Juchacz lässt sich davon nicht beirren und fährt fort. „Was diese Regierung getan hat, das war eine Selbstverständlichkeit: sie hat den Frauen gegeben, was ihnen bis dahin zu Unrecht vorenthalten worden ist. Und ich betrachte es als eine Selbstverständlichkeit, dass die Frau als gleichberechtigte und freie Staatsbürgerin neben dem Manne stehen wird."

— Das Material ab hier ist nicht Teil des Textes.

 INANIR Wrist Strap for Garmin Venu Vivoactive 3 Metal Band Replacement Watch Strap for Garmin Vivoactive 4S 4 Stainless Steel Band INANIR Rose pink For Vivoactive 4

Vom Dienstmädchen zur Politikerin

Marie ist zu diesem Zeitpunkt 39 Jahre alt, eine selbstbewusste und gute Rednerin. Das hat sie sich hart erarbeitet. Sie stammt aus kleinen Verhältnissen: Geboren 1879 in Landsberg an der Warthe, der Vater Schreiner, die Mutter Arbeiterin in einer Müllerei. Sie geht zur Volksschule, verdingt sich schon als Vierzehnjährige als Dienstmädchen, später als Fabrikarbeiterin und als Wärterin in der Provinz-Landes-Irrenanstalt. Sie spart etwas Geld und absolviert einen Schneiderei- und Weißnähkurs. Dann nimmt sie eine Stelle in der Werkstatt des Schneidermeisters Bernhard Juchacz an, ihres späteren Ehemanns.

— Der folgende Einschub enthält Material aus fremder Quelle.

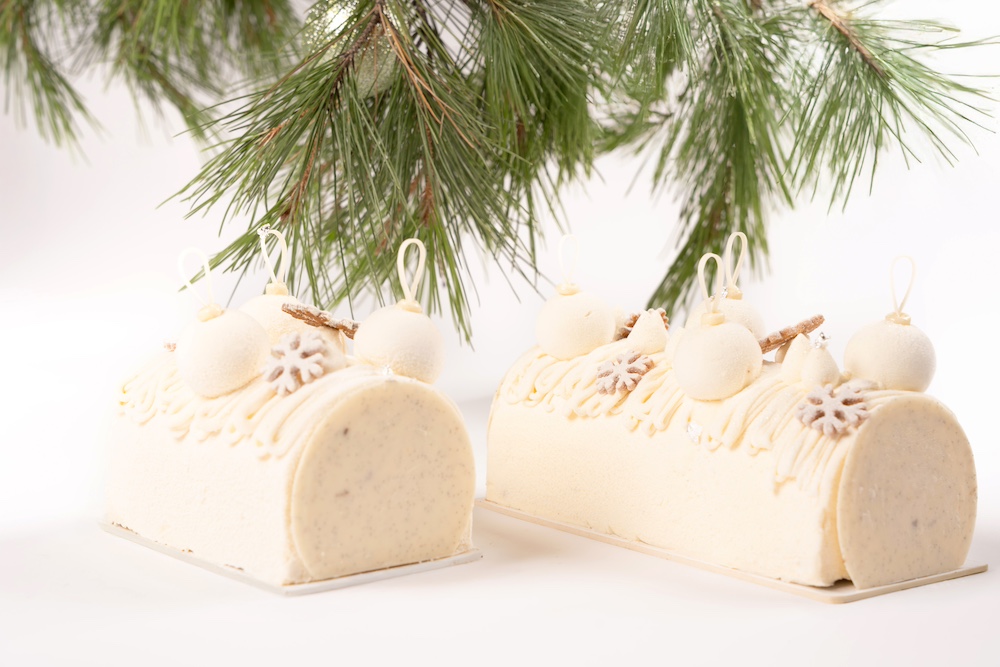 Bûche vanille caramel Robuchon Monaco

Die Beziehung ist nicht glücklich, und Marie ist mutig. So lässt sich von ihrem Mann scheiden – damals unerhört – und zieht 1906 mit ihren beiden Kindern, der zweijährigen Lotte und dem Säugling Paul, in die große Stadt. Wenig später kommt ihre neun Jahre jüngere Schwester Elisabeth nach. 1908, sobald es Frauen erlaubt ist, treten die beiden in die SPD ein. Schon kurze Zeit darauf wird Marie als erstes weibliches Mitglied in den Vorstand der Rixdorfer Sozialdemokraten gewählt.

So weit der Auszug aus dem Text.